(RECORDS FOR THIS TASK begins)

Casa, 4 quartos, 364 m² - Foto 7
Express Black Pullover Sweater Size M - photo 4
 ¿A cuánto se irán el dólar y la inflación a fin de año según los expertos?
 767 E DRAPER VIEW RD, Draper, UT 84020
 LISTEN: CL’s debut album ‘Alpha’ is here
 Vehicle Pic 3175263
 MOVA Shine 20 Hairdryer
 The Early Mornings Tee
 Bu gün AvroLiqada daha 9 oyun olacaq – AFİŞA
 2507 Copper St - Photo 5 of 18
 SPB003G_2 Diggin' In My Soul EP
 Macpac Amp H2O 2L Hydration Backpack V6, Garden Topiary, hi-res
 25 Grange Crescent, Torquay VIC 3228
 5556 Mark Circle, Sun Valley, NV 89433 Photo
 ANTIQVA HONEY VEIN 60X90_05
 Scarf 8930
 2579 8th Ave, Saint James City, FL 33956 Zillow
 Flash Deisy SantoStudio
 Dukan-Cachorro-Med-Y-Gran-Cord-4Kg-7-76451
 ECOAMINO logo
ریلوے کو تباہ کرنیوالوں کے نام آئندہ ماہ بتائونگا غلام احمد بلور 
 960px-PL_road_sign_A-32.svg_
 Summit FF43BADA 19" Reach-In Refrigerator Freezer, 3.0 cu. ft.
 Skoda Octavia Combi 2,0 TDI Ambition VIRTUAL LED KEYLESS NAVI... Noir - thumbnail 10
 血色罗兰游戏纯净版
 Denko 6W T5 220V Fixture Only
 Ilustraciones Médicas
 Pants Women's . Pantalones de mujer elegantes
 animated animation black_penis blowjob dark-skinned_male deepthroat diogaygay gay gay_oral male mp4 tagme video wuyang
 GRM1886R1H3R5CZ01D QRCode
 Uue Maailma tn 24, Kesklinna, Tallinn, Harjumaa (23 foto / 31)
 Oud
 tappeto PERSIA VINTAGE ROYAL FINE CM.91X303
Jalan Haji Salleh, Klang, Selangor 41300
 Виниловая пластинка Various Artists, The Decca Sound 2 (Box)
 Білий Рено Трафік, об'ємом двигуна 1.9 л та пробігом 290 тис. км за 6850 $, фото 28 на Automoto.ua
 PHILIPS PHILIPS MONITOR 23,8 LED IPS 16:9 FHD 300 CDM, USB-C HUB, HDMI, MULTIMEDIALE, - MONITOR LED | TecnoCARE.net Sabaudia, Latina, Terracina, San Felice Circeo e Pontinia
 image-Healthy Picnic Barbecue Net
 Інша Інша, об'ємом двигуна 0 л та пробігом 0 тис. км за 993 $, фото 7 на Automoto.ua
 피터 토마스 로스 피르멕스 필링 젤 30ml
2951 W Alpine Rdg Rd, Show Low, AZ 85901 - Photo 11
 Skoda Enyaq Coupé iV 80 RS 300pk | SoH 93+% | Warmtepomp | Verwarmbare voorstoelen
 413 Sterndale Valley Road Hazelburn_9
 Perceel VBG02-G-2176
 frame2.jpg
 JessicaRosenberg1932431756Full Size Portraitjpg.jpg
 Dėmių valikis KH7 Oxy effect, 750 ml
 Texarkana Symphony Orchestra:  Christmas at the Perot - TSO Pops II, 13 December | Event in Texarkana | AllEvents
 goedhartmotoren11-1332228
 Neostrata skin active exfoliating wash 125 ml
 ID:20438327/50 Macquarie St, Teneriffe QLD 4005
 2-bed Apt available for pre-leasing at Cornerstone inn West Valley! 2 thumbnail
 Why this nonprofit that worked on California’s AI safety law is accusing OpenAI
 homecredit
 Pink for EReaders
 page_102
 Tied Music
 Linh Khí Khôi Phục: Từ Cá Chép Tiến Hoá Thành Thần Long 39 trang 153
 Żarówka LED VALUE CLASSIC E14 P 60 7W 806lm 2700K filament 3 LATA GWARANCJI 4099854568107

(RECORDS FOR THIS TASK ends)

TRY IT
Working from the records above, write out verbatim only the lines from the line containing "Bu gün AvroLiqada daha 9 oyun olacaq – AFİŞA" through the line containing "JessicaRosenberg1932431756Full Size Portraitjpg.jpg".

SOLUTION TO THIS TASK
 Bu gün AvroLiqada daha 9 oyun olacaq – AFİŞA
 2507 Copper St - Photo 5 of 18
 SPB003G_2 Diggin' In My Soul EP
 Macpac Amp H2O 2L Hydration Backpack V6, Garden Topiary, hi-res
 25 Grange Crescent, Torquay VIC 3228
 5556 Mark Circle, Sun Valley, NV 89433 Photo
 ANTIQVA HONEY VEIN 60X90_05
 Scarf 8930
 2579 8th Ave, Saint James City, FL 33956 Zillow
 Flash Deisy SantoStudio
 Dukan-Cachorro-Med-Y-Gran-Cord-4Kg-7-76451
 ECOAMINO logo
ریلوے کو تباہ کرنیوالوں کے نام آئندہ ماہ بتائونگا غلام احمد بلور 
 960px-PL_road_sign_A-32.svg_
 Summit FF43BADA 19" Reach-In Refrigerator Freezer, 3.0 cu. ft.
 Skoda Octavia Combi 2,0 TDI Ambition VIRTUAL LED KEYLESS NAVI... Noir - thumbnail 10
 血色罗兰游戏纯净版
 Denko 6W T5 220V Fixture Only
 Ilustraciones Médicas
 Pants Women's . Pantalones de mujer elegantes
 animated animation black_penis blowjob dark-skinned_male deepthroat diogaygay gay gay_oral male mp4 tagme video wuyang
 GRM1886R1H3R5CZ01D QRCode
 Uue Maailma tn 24, Kesklinna, Tallinn, Harjumaa (23 foto / 31)
 Oud
 tappeto PERSIA VINTAGE ROYAL FINE CM.91X303
Jalan Haji Salleh, Klang, Selangor 41300
 Виниловая пластинка Various Artists, The Decca Sound 2 (Box)
 Білий Рено Трафік, об'ємом двигуна 1.9 л та пробігом 290 тис. км за 6850 $, фото 28 на Automoto.ua
 PHILIPS PHILIPS MONITOR 23,8 LED IPS 16:9 FHD 300 CDM, USB-C HUB, HDMI, MULTIMEDIALE, - MONITOR LED | TecnoCARE.net Sabaudia, Latina, Terracina, San Felice Circeo e Pontinia
 image-Healthy Picnic Barbecue Net
 Інша Інша, об'ємом двигуна 0 л та пробігом 0 тис. км за 993 $, фото 7 на Automoto.ua
 피터 토마스 로스 피르멕스 필링 젤 30ml
2951 W Alpine Rdg Rd, Show Low, AZ 85901 - Photo 11
 Skoda Enyaq Coupé iV 80 RS 300pk | SoH 93+% | Warmtepomp | Verwarmbare voorstoelen
 413 Sterndale Valley Road Hazelburn_9
 Perceel VBG02-G-2176
 frame2.jpg
 JessicaRosenberg1932431756Full Size Portraitjpg.jpg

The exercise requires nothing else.